START SOURCE DATA

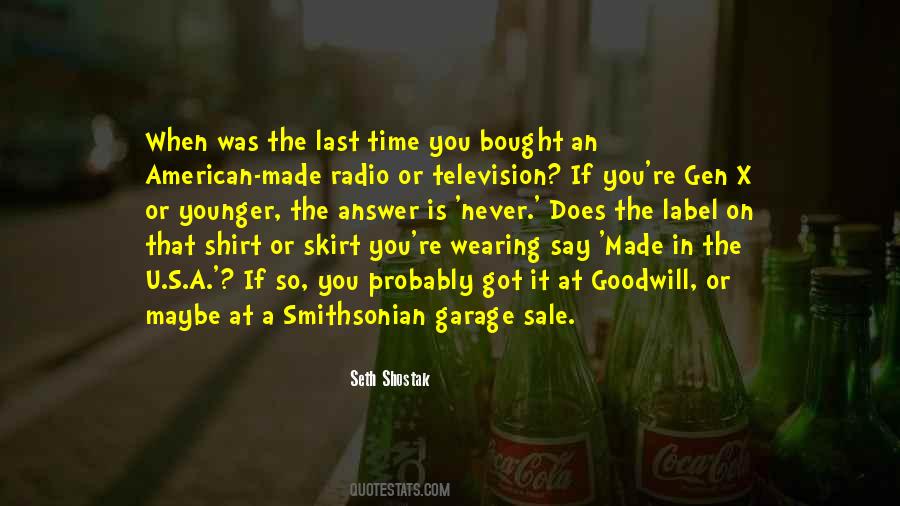 Garage Sale Quotes #700011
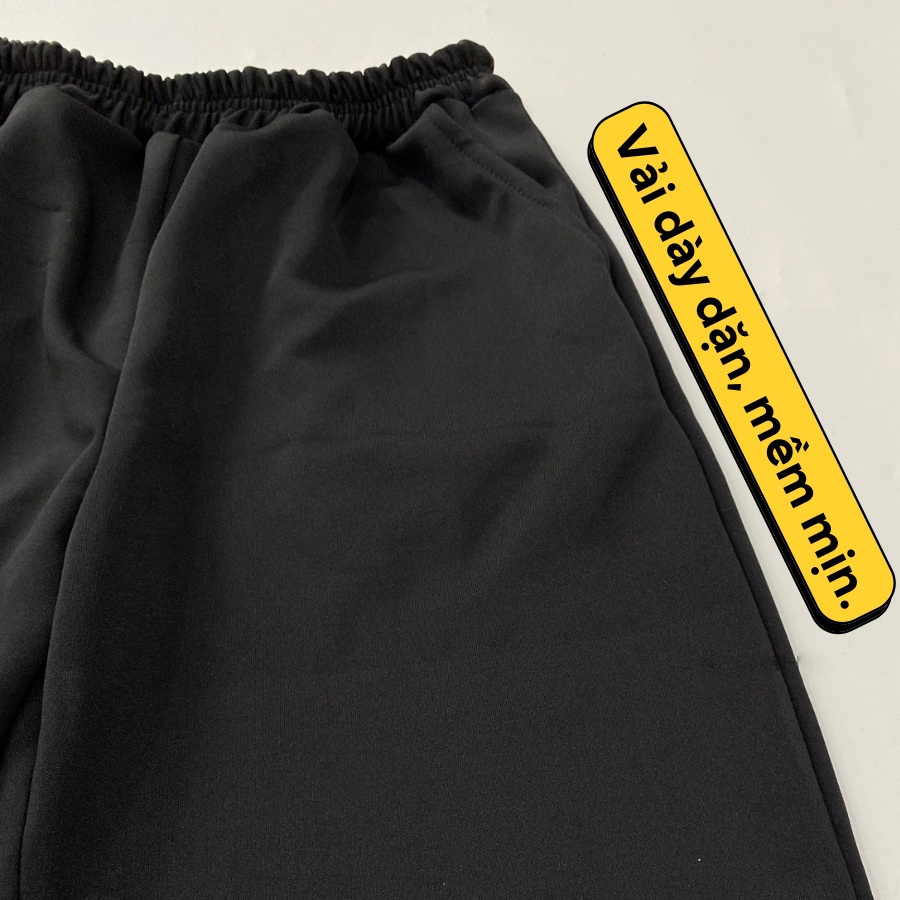 Quần short thun ESSENTIAL Quần đùi FOG unisex nam nữ chất vải cotton da cá Hottrend 2023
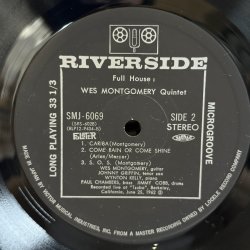 画像4: ウェス・モンゴメリー ~ WES MONTGOMERY / フル・ハウス ~ FULL HOUSE (LP)　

END SOURCE DATA

EXERCISE REQUIREMENTS – Retype the whole listing exactly and leave the pictures out.

WRITTEN RESPONSE –
 Garage Sale Quotes #700011
 Quần short thun ESSENTIAL Quần đùi FOG unisex nam nữ chất vải cotton da cá Hottrend 2023
 画像4: ウェス・モンゴメリー ~ WES MONTGOMERY / フル・ハウス ~ FULL HOUSE (LP)　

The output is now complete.